Could anyone else feel Ray Shero's smirk from the press box as the game unfolded? It was the gratification knowing a carefully devised plan was coming to fruition.
Shero made four significant moves to bring players to the Pens. Each player has established himself in the NHL in some way; each has a specific job with a distinct personality. It's a huge gamble for any general manager to make so many changes especially when there is less time to make those changes look seamless on the ice. But there's a reason Shero is one of the best in the biz.
Last night was far from a perfect game, but what the Pens proved was they have a winning roster that is developing greater chemistry with each game. You could see everything really click with certain players and it's no surprise they were ones who left a mark on the game.
I'll start with Kris Letang who was very missed on the blue line after jumping in and out of the lineup with lower body/toe injuries. While injured, the Pens missed his puck movement finesse overall, but especially on the power play. His presence on the point immediately made a difference and the Pens cashed in three times in six tries.
For some perspective, the Pens only scored three PPGs on 20 tries in the nine recent games without Letang. There is no question Letang is the Pens' defensive MVP.
Then you have Pascal Dupuis, who has had two solid consecutive seasons and is up for a new contract this summer. Along with Matt Cooke, he better get one. Usually as a player reaches his mid-30s, his play slows down, but not Dupuis who looks like he's just entering his prime.
He netted his 20th goal of the season on the power play (!!) tying Patrick Kane (!!!) in the goal-scoring race. It took him 82 games to net 25 goals last season. He's turned into a scoring machine which we know is due to his linemates, but also because this is a guy who doesn't take a night off.
Our new fan favorite Finn, Jussi Jokinen. Many are deeming his acquisition as Shero's best move of the season and he's making a strong case for it.

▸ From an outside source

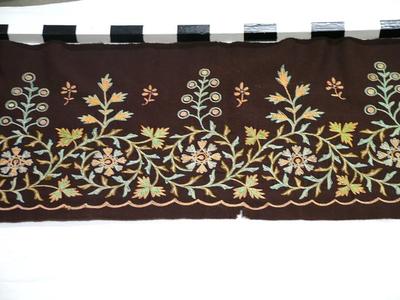 Wall Hanging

With two goals on the night, Jokinen has been subtly and not-so-subtly lethal in his last three games. The Pens Radio reported that (at the time) Jokinen had taken four shots in a Pens uniform and three of them were goals.

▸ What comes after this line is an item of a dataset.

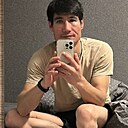 Ferat, 37 лет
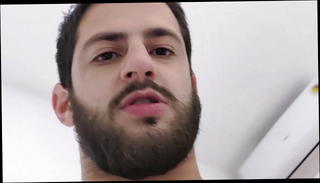 Video 1556341601: dominate humiliate slaves, master dominate slave, bdsm master slave, gay domination slave, amateur bdsm slave, dominates male slave, domination guy bdsm, domination cock balls, hairy hunk gay, hairy daddy big cock, homemade amateur hairy, dominant muscular daddy, muscle daddy dominates, dominated gay men, hot hairy hunk, slave slut, hairy latino gay, domination hd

Think about that for a second.
Jokinen is most known for his quick hands, which helped the Pens cash in during the shootout against the Rangers. But having good hands isn't just what you can do with the puck on your stick, but anticipating what to do with your stick before you have possession of the puck. Jokinen's redirection goal, his second of the game, is something we're used to seeing from the likes of Sidney Crosby. Redirections are a goalie's worst nightmare; all the more reason to utilize the skills up front, which means more defensemen finding ways to get pucks on net.
Speaking of which...
That pass to Jokinen came from none other than Douglas Murray. You can talk about how slow he is all you want, but this man sure packs a punch on defense. Literally. We know he can knock players around like bowling pins, but his shot is very underrated. Murray had a few scoring opportunities toward the end of the game, but nothing there. Of course, he had his own special moment when fighting B.J. Crombeen. Why anyone would want to fight a boulder, I have no idea. Give this guy a shot (again, literally) and he might surprise us.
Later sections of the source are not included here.